Would Any Real Food Still Left in Restaurants Please Stand Up?

by Sarah Pope / Affiliate Links ✔

the all American restaurant

Real Food is continuing its disappearing act from restaurants across America. It doesn’t seem to matter whether the restaurant is a franchise or boasts 5 stars.

At a franchise restaurant like Applebees, Chilis, or Bob Evans, you would expect that cheap, processed food dressed up with a gourmet presentation would reign supreme. Food in these types of restaurants is only a small improvement over fast food in most cases and will make you feel just about as rotten shortly afterward (unless, of course, you already feel so rotten from eating processed food much of the time that you don’t notice).

But a 5 star restaurant?

I recently learned that Bern’s Steakhouse, one of the premier 5 star restaurants in my metro area, uses bouillon cubes (aka MSG cubes) to improve the flavor of its signature french onion soup (source: Bern’s waiter). I was devastated! This was one of the few restaurants I thought I was safe to order soup!

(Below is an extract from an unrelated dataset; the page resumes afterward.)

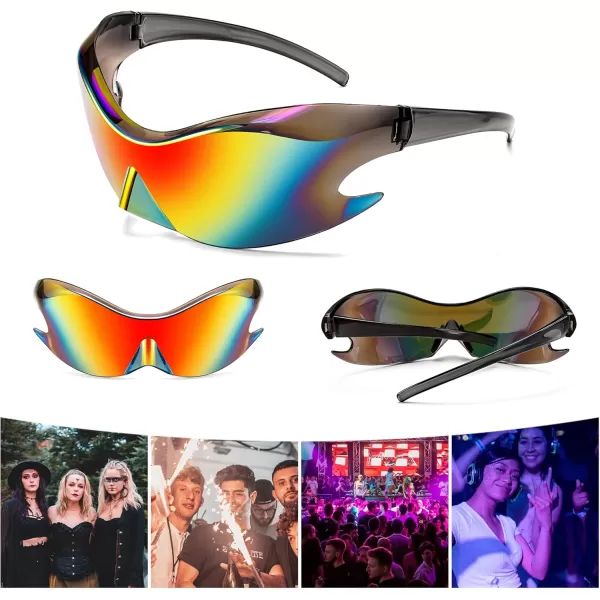 FEISEDY Futuristic Sunglasses Fashion Alien Y2K Wrap Around for Women Men B4135Red Mirror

Who cares if Bern’s serves organic baby green salad and grassfed steak sourced locally if you still get a migraine from the MSG laced bowl of soup?  It makes you wonder what other corners are being cut that you don’t know about yet despite all the lip service being paid to high quality.

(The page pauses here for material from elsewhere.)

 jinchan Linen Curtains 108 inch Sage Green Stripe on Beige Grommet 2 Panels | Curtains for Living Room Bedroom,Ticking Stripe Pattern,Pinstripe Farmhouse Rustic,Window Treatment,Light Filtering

Earth to Bern’s:   Bouillon cubes are NOT high quality and should NOT be in your french onion soup.

Just sayin’.

I was also disappointed recently when I enjoyed an evening out at one of my favorite restaurants, Boizao, a Brazilian style restaurant also considered very high end for my Mom’s 80th birthday bash.   One of my favorite dishes at Boizao is heart of palm with a special dressing. While serving myself a second helping that evening, the restaurant manager happened by and I took the opportunity to ask if it were possible for me to get the recipe for the heart of palm dressing. He then told me that they buy the dressing from a food supplier and that it came in “big bottles” (translation:  cheap, rancid vegetable oils included).   I was shocked speechless. Even more amazing, the manager didn’t even seem embarrassed by telling me this!

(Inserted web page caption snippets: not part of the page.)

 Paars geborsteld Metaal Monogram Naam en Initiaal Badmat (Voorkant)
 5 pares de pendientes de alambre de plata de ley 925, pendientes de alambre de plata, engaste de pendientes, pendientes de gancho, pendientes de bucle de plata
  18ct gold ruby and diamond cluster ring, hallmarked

Didn’t know you were talking to a Real Food blogger, eh buddy?   Oops!   Secret’s out now!

Am I wrong to expect a high end steakhouse to mix up its own dressings fresh with quality ingredients like extra virgin olive oil? Is this too much to ask anymore?

I have reluctantly come to the sad conclusion that pretty much all restaurants have gone to the dogs in America. The only exceptions I come across anymore are tiny little restaurants where the owner is also the chef and simply will not allow these low quality substitutions.

5 star or no stars, the American restaurant dining experience has been relegated to a processed food affair regardless of the size of the tab.   Even if the meat and veggies are decent quality and prepared fresh, little effort is expended on the condiments, dressings, soups, and other extras that round out the meal and make a huge difference to the digestibility and overall nutrition of the experience, not to mention whether you will feel terrible the next day!

Bye Bye Maple Syrup

Another insidious trend taking place is the disappearance of real maple syrup from restaurants serving breakfast.   In a related story, Food Renegade wrote about the disappearance of butter from restaurants in a recent post.

Well, the maple syrup has disappeared too I’m sorry to add!    It used to be when my kids were begging for pancakes when we were traveling, I could at least ask for real butter and maple syrup to cover the bromated, bleached, synthetic vitamin enhanced white flour, garbage pancakes.

Not anymore!   My husband was at a Conference recently at a 5 star resort and when the kids and I joined him for breakfast one morning, I was shocked to discover that only fake, corn syrup sweetened syrup was available with the pancakes or waffles.

You would think that $8 for a plate of pancakes that probably cost the restaurant about 25 cents to make could get you some real maple syrup!    Of course, there was no butter to be found either.

Gotta pay all those property taxes for the golf course view, don’t we?

I saw the disappearance of maple syrup coming a couple of years ago when my family and I were eating at a fantastic little breakfast nook in downtown Sarasota FL.    Upon asking for some maple syrup, I was informed that it would be a $3 additional charge per 1 oz bottle of maple syrup that was provided.   Of course, the high fructose corn syrup sweetened ersatz maple syrup was free.

We paid extra for 3 tiny bottles of real maple syrup but I commented to my husband that it wouldn’t be long before even that option was no longer available.

Sure enough, here we are some months down the road and I haven’t been able to find maple syrup anywhere for quite some time.    I realize the price of maple syrup has gone through the roof, but is that really an excuse?

For IHOP?   Maybe.

For a 5 star resort or a specialty breakfast nook that prides itself on quality?  Most definitely not.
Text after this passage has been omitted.